Is there a shorter way for if-else chains?

Question

if (80 <= m <= 100):
    g = "A"
elif (70 <= m < 80):
    g = "B"
elif (60 <= m < 70):
    g = "C"
elif (50 <= m < 60):
    g = "D"
elif (m < 50):
    g = "U"

This is basically a grade measuring piece of code that takes in value m, meaning mark, and obtains grade g. Is there a shorter not necessarily more pythonic way for the same purpose?

Thanks in advance.

Answer 1

Using Dict,

m = int(input("Enter Marks:"))

a = {'A' : 80 <= m <= 100, 'B' : 70 <= m < 80, 'C' : 60 <= m < 70, 'D' : 50 <= m < 60, 'U' : m<50}

for key, value in a.items():
    if value == True:
        print(key)

gives

Enter Marks:35
U

[Program finished]

If you want to run this on multiple entries I would suggest switching to a function that returns the letter grade for what ever value you're passing in.

Answer 2

Using pandas.cut:

import numpy as np
import pandas as pd

bins = [-np.inf, 50, 60, 70, 80, 100]
labels=list('UDCBA')
print(pd.cut(pd.Series(m), bins=bins, labels=labels).iat[0])
# D

This is particularly applicable if you have more than one grade:

grades = np.random.randint(low=45, high=99, size=5)  # 5 grades

print(pd.cut(pd.Series(grades), bins=bins, labels=labels).tolist())
# ['U', 'C', 'A', 'A', 'A']

Answer 3

Don't change your code. It's readable and easy maintainable.

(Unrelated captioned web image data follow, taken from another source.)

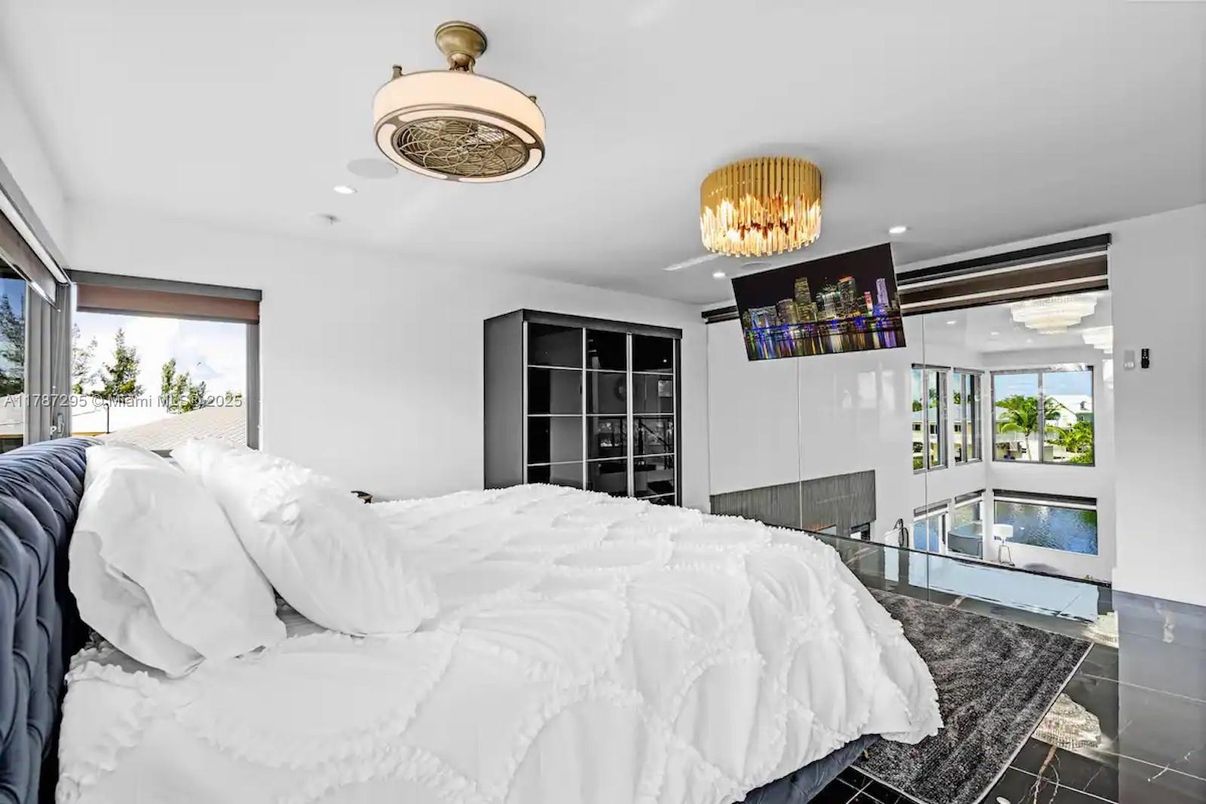 Bedroom, Interior, Recessed Lighting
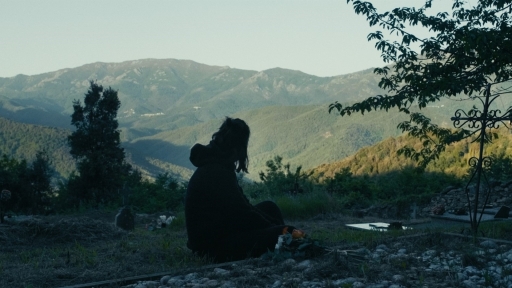 Ondine est de dos, face aux montagnes corses.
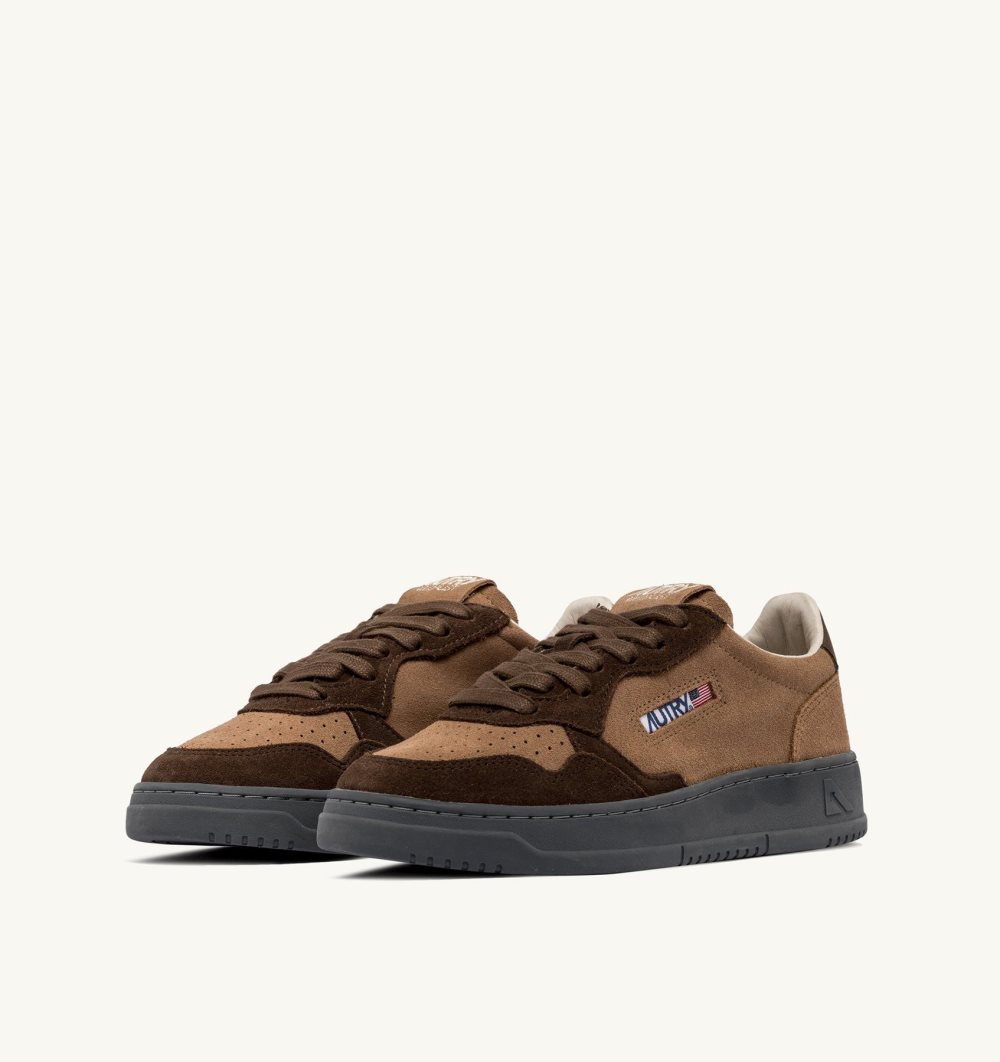 Marrone Autry Medalist Low Sneakers Suede | HMIZPG510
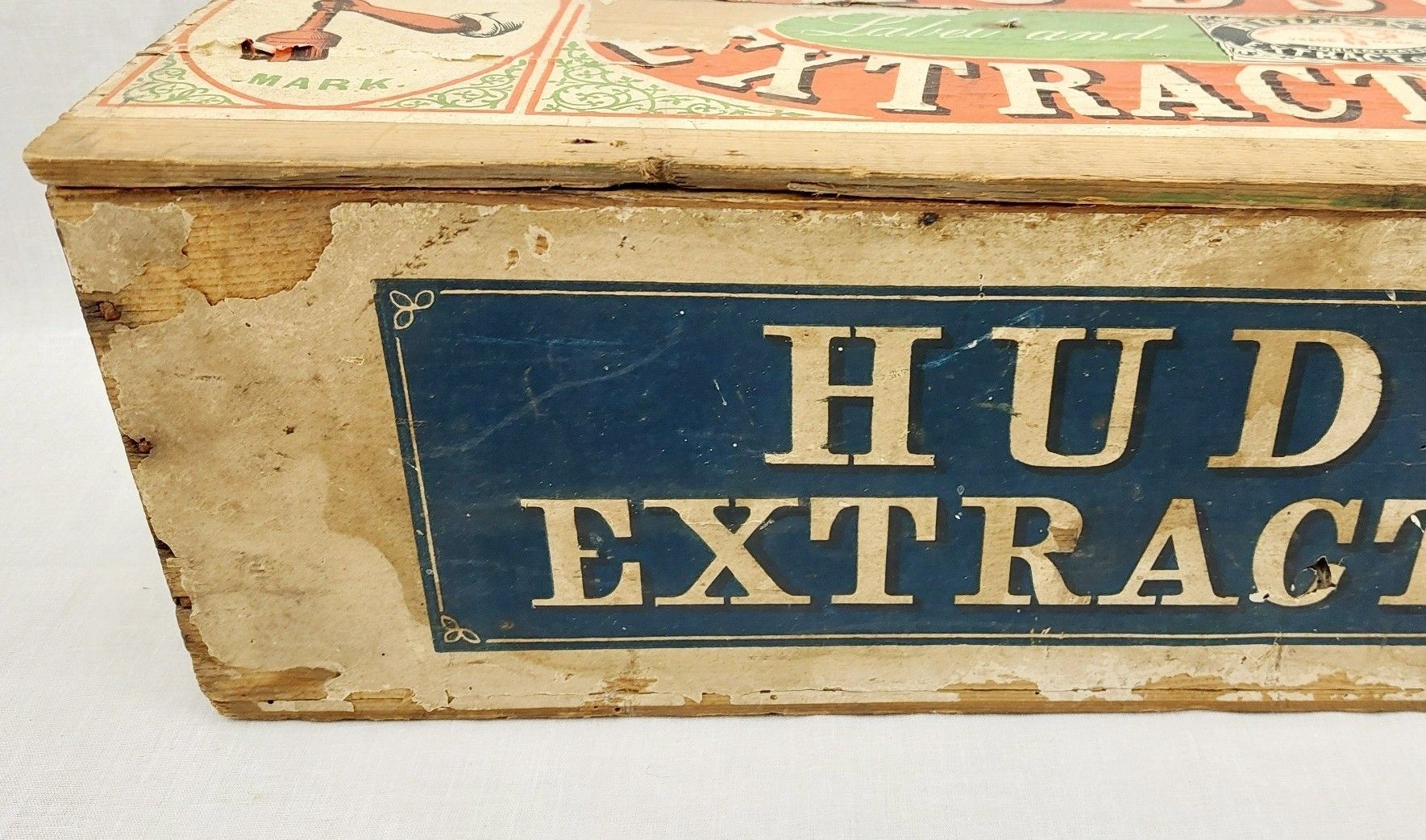 Large Vintage Hudsons Extract Of Soap Shop Advertising Box - Image 6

In general, skip "smart" one-liners, because compilers/interpreters can understand your code easily, but humans can have hard times to understand it.

Answer 4

If numpy is acceptable there is searchsorted. Free bonus: it can handle an entire list of marks in one go:

import numpy as np

bnds = np.arange(50, 90, 10)
grades = np.array(list('UDCBA'))

marks = [52, 16, 50, 80, 69, 99]

result = grades[np.searchsorted(bnds, marks, side='right')]

print(result)

# ['D' 'U' 'D' 'A' 'C' 'A']

Answer 5

I'll exploit the single answer and touching ranges to reduce the number of comparisons, but also express the lookup table's structure using a tuple unpacking.

if m <= 100:
    g = next(grade for grade, belowscore in
           (('U',50), ('D',60), ('C',70), ('B',80), ('A',100+1))
           if m < belowscore)

This uses a generator expression to process a list of similar tests, shortcutting by reading only one result. This is inspired by LISP's conditional operation. Haskell has a similar thing in pattern guards.

Answer 6

Firstly, you can simplify by removing one of the bounds:

if m >= 80:
    g = "A"
elif m >= 70:
    g = "B"
elif m >= 60:
    g = "C"
elif m >= 50:
    g = "D"
else:  # default catch-all
    g = "U"

Secondly, you could capture the repetitive nature of the process by a loop (with the default case presenting an option for a for-else construct):

# iterator: ('A', 80) -> ('B', 70) -> ...
for grade, score in zip('ABCD', (80, 70, 60, 50)):
    if m >= score:
        g = grade
        break
else:  # executed if for-loop isn't 'break'-ed out of
    g = 'U'

Answer 7

Shorter and less Pythonic? Definitely:

g='UUUUUDCBAAA'[int(m)//10]

Practically, I think your code conveys its intent well and is easy to read. Most other solutions will not be.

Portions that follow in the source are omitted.